How did lurbinectedin exposure affect fetal development?

How did lurbinectedin reach the fetus in animal studies?
Lurbinectedin crossed the placental barrier in rats and rabbits, producing measurable drug levels in fetal tissues after maternal dosing.

What birth defects appeared in rat and rabbit fetuses?
Exposed fetuses showed increased rates of skeletal malformations, external abnormalities, and reduced fetal body weight compared with unexposed controls.

Did the effects depend on dose and timing?
Malformations and growth reduction occurred mainly at doses that also caused maternal toxicity and during organogenesis, the period of greatest fetal sensitivity.

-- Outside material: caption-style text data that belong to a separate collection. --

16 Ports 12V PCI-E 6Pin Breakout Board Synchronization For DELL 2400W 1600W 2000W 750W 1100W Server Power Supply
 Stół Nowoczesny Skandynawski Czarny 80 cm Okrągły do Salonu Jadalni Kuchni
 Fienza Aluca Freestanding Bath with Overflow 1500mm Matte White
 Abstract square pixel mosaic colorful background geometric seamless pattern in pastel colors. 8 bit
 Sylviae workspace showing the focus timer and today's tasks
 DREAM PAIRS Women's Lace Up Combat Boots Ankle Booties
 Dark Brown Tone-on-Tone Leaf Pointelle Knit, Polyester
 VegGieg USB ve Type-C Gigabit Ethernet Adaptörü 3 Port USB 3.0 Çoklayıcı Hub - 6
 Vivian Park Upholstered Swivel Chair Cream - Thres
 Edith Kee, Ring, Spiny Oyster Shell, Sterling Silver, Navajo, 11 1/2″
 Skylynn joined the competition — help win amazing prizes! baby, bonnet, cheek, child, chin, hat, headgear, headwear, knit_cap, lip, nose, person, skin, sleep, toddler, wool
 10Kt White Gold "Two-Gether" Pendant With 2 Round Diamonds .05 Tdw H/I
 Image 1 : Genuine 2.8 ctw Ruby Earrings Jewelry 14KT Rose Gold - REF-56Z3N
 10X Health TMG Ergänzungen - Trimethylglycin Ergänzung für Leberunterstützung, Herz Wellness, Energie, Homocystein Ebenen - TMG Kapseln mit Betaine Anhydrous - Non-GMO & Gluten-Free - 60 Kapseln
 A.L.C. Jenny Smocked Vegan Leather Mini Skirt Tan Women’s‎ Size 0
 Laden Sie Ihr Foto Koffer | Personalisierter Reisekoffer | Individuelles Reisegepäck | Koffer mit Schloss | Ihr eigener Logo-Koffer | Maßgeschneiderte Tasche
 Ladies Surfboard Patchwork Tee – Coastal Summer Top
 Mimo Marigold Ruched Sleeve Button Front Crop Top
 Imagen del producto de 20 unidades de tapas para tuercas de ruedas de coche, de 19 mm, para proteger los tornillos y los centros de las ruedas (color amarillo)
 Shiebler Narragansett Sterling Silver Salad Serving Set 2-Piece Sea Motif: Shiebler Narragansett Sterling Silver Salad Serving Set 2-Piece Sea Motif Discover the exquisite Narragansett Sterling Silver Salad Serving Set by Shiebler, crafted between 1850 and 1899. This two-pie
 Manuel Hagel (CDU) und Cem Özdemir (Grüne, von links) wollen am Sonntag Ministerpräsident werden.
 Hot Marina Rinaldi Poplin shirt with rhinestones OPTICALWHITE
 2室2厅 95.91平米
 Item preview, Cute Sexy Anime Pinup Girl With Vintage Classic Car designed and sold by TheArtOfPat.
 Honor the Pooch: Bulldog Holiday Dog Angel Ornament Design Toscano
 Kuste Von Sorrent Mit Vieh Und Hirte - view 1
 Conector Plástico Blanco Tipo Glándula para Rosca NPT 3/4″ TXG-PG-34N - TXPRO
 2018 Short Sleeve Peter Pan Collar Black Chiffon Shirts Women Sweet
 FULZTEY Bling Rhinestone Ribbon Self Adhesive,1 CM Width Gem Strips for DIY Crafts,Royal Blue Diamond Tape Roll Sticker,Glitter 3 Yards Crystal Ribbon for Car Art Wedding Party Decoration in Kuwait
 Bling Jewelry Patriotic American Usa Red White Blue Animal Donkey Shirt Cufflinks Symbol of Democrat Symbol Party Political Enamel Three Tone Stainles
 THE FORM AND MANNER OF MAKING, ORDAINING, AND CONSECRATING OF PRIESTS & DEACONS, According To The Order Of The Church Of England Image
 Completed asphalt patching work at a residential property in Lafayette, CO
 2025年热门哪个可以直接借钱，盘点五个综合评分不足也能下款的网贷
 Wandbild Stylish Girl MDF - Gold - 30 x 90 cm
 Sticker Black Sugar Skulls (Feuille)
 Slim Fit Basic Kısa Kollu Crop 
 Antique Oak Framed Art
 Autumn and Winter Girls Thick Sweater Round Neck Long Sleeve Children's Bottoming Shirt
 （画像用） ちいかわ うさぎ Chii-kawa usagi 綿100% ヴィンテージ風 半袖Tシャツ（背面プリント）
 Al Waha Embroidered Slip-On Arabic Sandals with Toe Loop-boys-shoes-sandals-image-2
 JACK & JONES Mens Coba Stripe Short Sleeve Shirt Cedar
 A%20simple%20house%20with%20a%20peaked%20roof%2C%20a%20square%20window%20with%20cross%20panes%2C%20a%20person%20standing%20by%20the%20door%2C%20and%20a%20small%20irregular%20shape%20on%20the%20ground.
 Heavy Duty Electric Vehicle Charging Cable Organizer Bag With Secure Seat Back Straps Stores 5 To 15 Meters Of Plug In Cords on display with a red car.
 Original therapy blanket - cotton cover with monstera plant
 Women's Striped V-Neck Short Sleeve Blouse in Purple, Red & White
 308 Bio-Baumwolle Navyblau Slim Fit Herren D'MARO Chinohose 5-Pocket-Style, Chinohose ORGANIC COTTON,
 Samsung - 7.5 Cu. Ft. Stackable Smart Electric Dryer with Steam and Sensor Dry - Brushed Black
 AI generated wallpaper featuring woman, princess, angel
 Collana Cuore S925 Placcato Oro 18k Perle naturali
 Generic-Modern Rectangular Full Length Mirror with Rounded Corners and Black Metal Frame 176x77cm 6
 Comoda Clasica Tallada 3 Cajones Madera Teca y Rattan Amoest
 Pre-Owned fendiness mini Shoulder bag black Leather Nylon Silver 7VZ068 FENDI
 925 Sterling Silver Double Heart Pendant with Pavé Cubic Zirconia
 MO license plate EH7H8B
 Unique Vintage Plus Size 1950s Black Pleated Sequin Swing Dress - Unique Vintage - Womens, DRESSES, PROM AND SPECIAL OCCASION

How does this compare with other DNA-damaging oncology drugs?
Similar patterns of embryofetal toxicity have been reported for other alkylating agents used in cancer treatment, suggesting a shared mechanism of DNA damage during rapid cell division.

What do the findings imply for human pregnancy?
No controlled human data exist, but the animal results support current recommendations to avoid lurbinectedin in pregnant patients and to require effective contraception during and after treatment.

When does the drug’s label advise contraception use?
Women of reproductive potential are instructed to use effective contraception during therapy and for at least six months afterward; men with female partners should use contraception for four months after the last dose.

Are biosimilars or alternative agents under development?
No biosimilars of lurbinectedin are approved, and alternative therapies for relapsed small-cell lung cancer remain limited, keeping the drug’s risk–benefit profile under ongoing regulatory review.